Demand for Product Managers Increased 21% YoY

Demand for experienced product managers increased by 13% month over month and by 21% year over year, according to Toptal’s October 2025 report. These increases were also likely due in part to rapid AI adoption. Érico Sabino, Enterprise Matching Team Lead at Toptal, is seeing the highest demand for product managers with expertise in LLMs and artificial intelligence, particularly roles focused on AI integration, such as AI product managers for internal workflow automation and AI-driven personal assistant applications. Furthermore, a “focus on minimum viable products and product roadmaps for AI solutions underscores a strategic trend toward rapid innovation and market responsiveness,” he says.

Demand for Marketing Experts Increased 18% YoY

The need for marketers may initially seem unrelated to AI adoption. But product marketing expertise is extremely important for differentiated messaging and positioning—particularly in the age of AI, when companies must be able to clearly explain their AI integrations and offerings, says Chris Krohn, GM of Toptal’s Marketing Agency.
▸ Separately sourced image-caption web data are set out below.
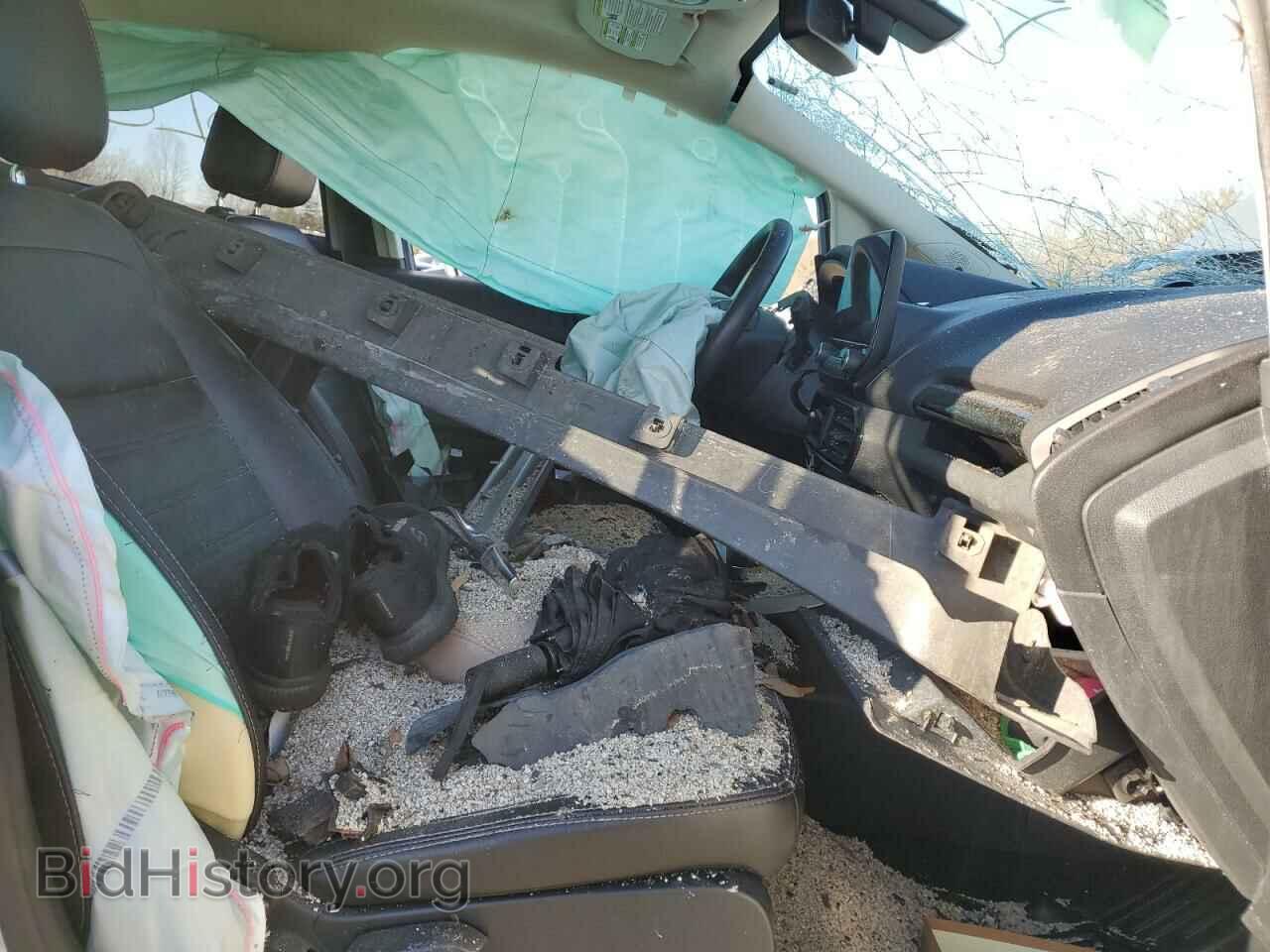 2021 FORD ECOSPORT - VIN: MAJ6S3KL8MC412853 - Photo 7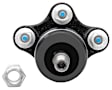 45D0119 Front, Driver or Passenger Side, Upper Ball Joint Professional Series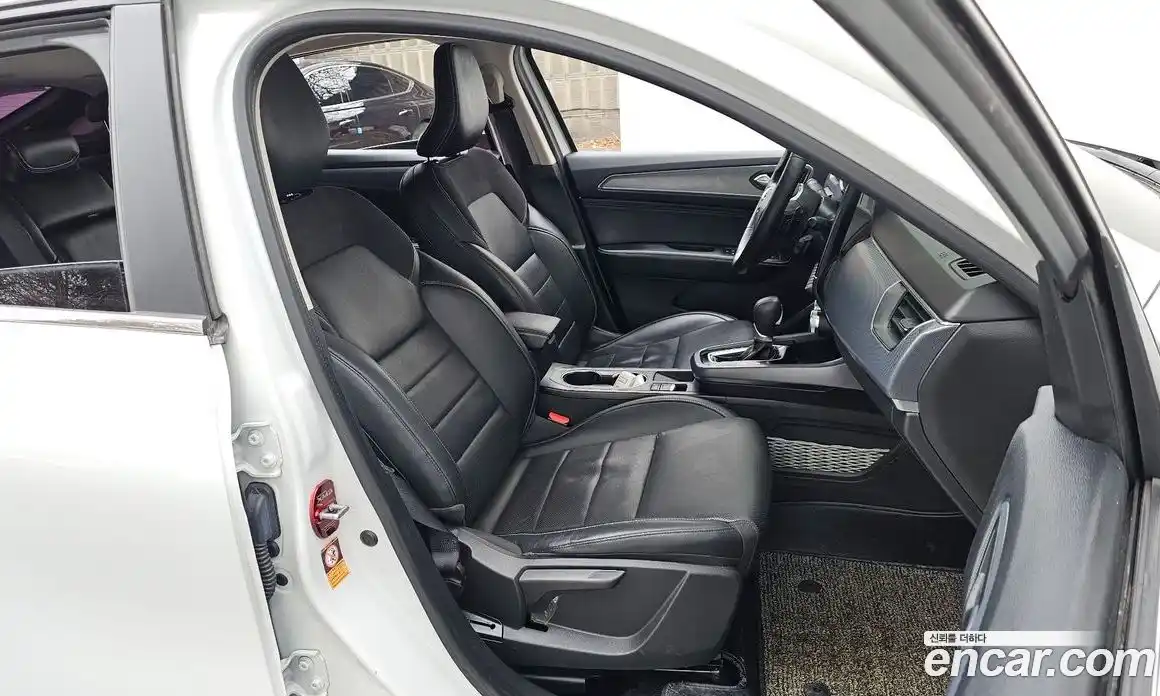 Renault XM3 2020 1.3 Автомат в Москве № 329426, фото 10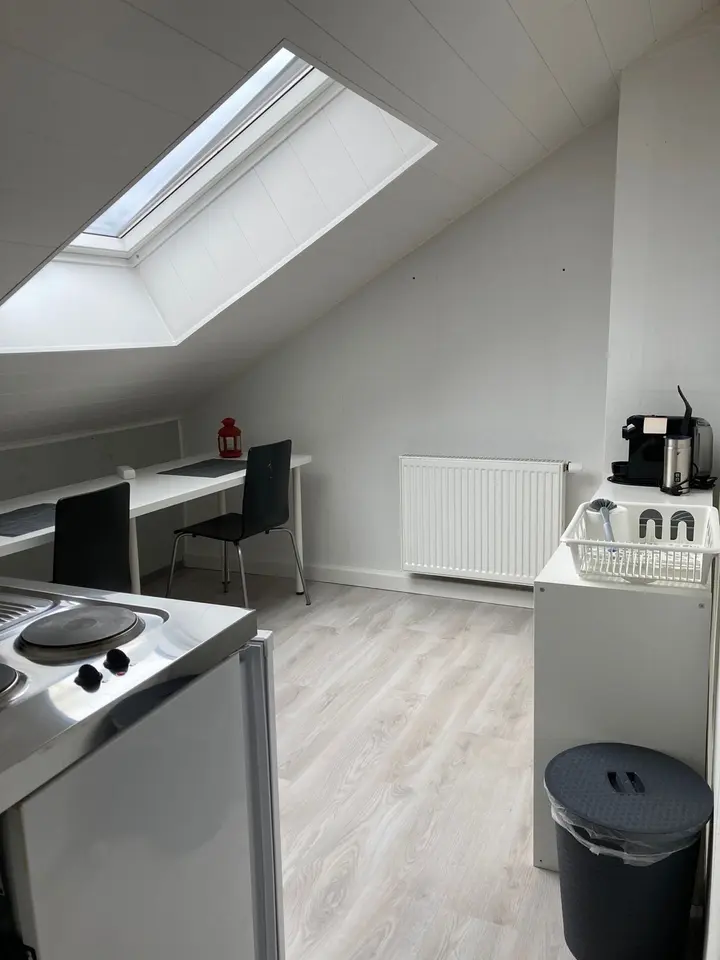 2 Zimmer Wohnung mit 30 m² in Viernheim – Bild 2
Demand for experienced marketing experts increased by 4% month over month, and by 18% year over year, for a Toptal Market Strength Score of Strong.

Month-Over-Month Toptal Market Strength Score*

Year-Over-Year Toptal Market Strength Score*

Data Science Experts

-7%, Moderate

+23%, Strong

Developers

+5%, Moderate

+24%, Strong

Product Managers

+13%, Moderate

+21%, Strong

Marketing Experts

+4%, Moderate

+18%, Strong


 * A negative change in demand of more than -15% equals a score of Poor, a change between -15% and +15% equals a score of Moderate, and a positive change greater than +15% equals a score of Strong.

Which Professional Sectors Are Suffering Most in the Face of AI?

Toptal includes 10 technology and professional services areas of expertise in its report: data science, design, development, finance, information security, management consulting, marketing, product management, project management, and sales. The October report notes that year-over-year demand for experienced designers, information security experts, and management consultants all fell by double digits.

As noted earlier, rapid adoption of AI is temporarily shifting talent priorities at many organizations while they focus on filling the most urgent data- and AI-related roles. But there is a possibility that automation of certain tasks may shift the market for some areas of expertise in a more lasting way.

For example, access to AI-driven analytics and strategy tools may decrease

1981organizations’ needs for certain types of management consultants. Indeed, Toptal’s analysis noted a moderate 13% decrease in overall demand for these experts year over year.

But at the same time, Michael Valocchi, Toptal’s Senior Client Solutions Advisor, notes that demand specific to business consultants who can help create use cases for AI was actually up. “We also saw an increased demand for people and change management experts as new challenges arose from AI and transformation efforts. We anticipate even greater demand for leadership development as companies continue to reinvent themselves,” he notes.

Similarly, demand is down for more basic information security expertise that can be replaced or augmented by automation. Meanwhile, “we saw an urgent, emerging need for professionals who could help define and implement an AI security posture management layer to mitigate new risks, such as model poisoning and LLM jailbreaking, positioning AI risk assessment and AI/ML security architecture as critical governance, risk, and compliance (GRC) components,” notes Zohra Ibrahimi, Practice Director, Cyber and Information Security Services, at Toptal.

Month-Over-Month Toptal Market Strength Score

Year-Over-Year Toptal Market Strength Score

Designers

-14%, Moderate

-24%, Poor

Information Security Experts

-7%, Moderate

-23%, Poor

Management Consultants

-6%, Moderate

-13%, Moderate

AI Will Continue to Reshuffle Demand and Complicate the Job Market

The Toptal data focuses on roles that require at least five years of experience, so it can’t speak to whether entry-level roles in data science, development, product management, or marketing are experiencing the same lift as more senior positions. One thing the data did highlight, however, was the contrast between how highly experienced professionals are faring in the face of AI versus those who are just starting out. Trends in the broader job market that include all levels of experience were generally more negative, according to the Toptal report, which cited a 6.7% year-over-year drop in new job postings on Hacker News, as well as a drop in new job postings in the US, UK, Germany, France, and most other major economies. (Canada was the one exception.)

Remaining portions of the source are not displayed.